In the trucking industry, it’s a commonly repeated adage that “the shippers are the last to know” when it comes to freight market conditions. According to brokers we spoke to this week, shippers have finally realized how to take advantage of unusually loose trucking capacity, and they’re trying to crash rates.
The capacity-constrained environment of the past eighteen months is over. Double-digit driver wage hikes and record-breaking month after record-breaking month of new truck orders have substantially increased the number of available trucks.
In the new year, the national market is in the process of rolling over.
The spread between contract and spot rates continues to widen. According to DAT’s RateView tool, the national average spot rate for dry vans, net of fuel, was $1.76/mile in December and fell to $1.75/mile in January; meanwhile contract rates rose from $2.01/mile in December to $2.02/mile in January, widening the spread to 27 cts/mile.
Brokerages and 3PLs see opportunity in volatile, confusing markets, and have enjoyed an unusual phenomenon: robust spot market activity driven by shippers deliberately seeking plentiful, cheap capacity rather than by shippers resorting to expensive spot freight out of desperation. Because this dynamic is playing out in January, a time when most carriers are in asset-utilization mode and do not expect to make strong profits, brokerages have been able to widen their margins considerably.
The chart below, from Susquehanna equities analyst Bascome Majors, shows how brokerage margins expand when spot rates fall below contract rates.
Carter Garrett, VP of Sales at Trident Transport, a Chattanooga-based brokerage with heavy exposure to spot freight, said that last week was one of the best in the five year old company’s history on both a revenue and margin basis.
“It’s the loosest market I’ve seen in six or seven years,” Garrett said, pointing out that “shippers have started catching on this month. What we’re doing as a smaller brokerage is focusing on well-established lanes we have experience in and not taking on much risk.”
“We’re seeing the spread widening between contract and spot,” said Patrick Draut, VP of Business Intelligence at K & L Freight, a Chicago-based transportation provider with a large brokerage operation.
“The market thinks rates have to go lower from where they are now,” added Kyle Lintner, Director of Markets at K-Ratio, K & L’s freight futures division.
Shippers appear to be putting freight directly into the spot market if the load is rejected by their primary carrier instead of working down their routing guides. That’s one reason why national tender rejections have continued to reach new lows.
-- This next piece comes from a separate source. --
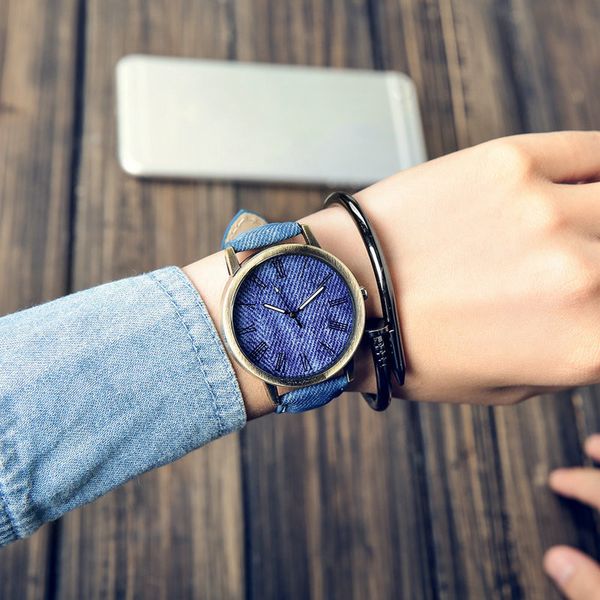 meibo relojes женщины кварцевые часы джинсовой дизайн кожаный ремешок мужчины повседневная наручные relogio мужчина для женские часы женский, Slivery;brown
meibo relojes женщины кварцевые часы джинсовой дизайн кожаный ремешок мужчины повседневная наручные relogio мужчина для женские часы женский, Slivery;brown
Many shippers have begun their RFP negotiations with aggressive counter-offers 25% below carriers’ first round bids.
When shippers wise up to market conditions and ask for rate decreases, there’s a knock-on effect with brokerages, who beat up the carriers to protect their margins.
“You have some brokers trying to dictate the market, posting $1,500 from Chicago to Atlanta, hundreds of dollars below DAT’s seven day average,” Draut explained. Brokers are still searching for the bottom in this market, some offering trucks $1.60-1.65/mile to go into the East Coast, and just $1.20 to come out.
Some of these rates are not sustainable based on the per-mile cost of operating a truck, and rates should stabilize at some point in the next six to eight weeks, according to K & L.
“Sometime in advance of produce season they’re going to stop accepting cheap loads, whether that’s in late February or into March, and that will set the bottom,” Lintner said.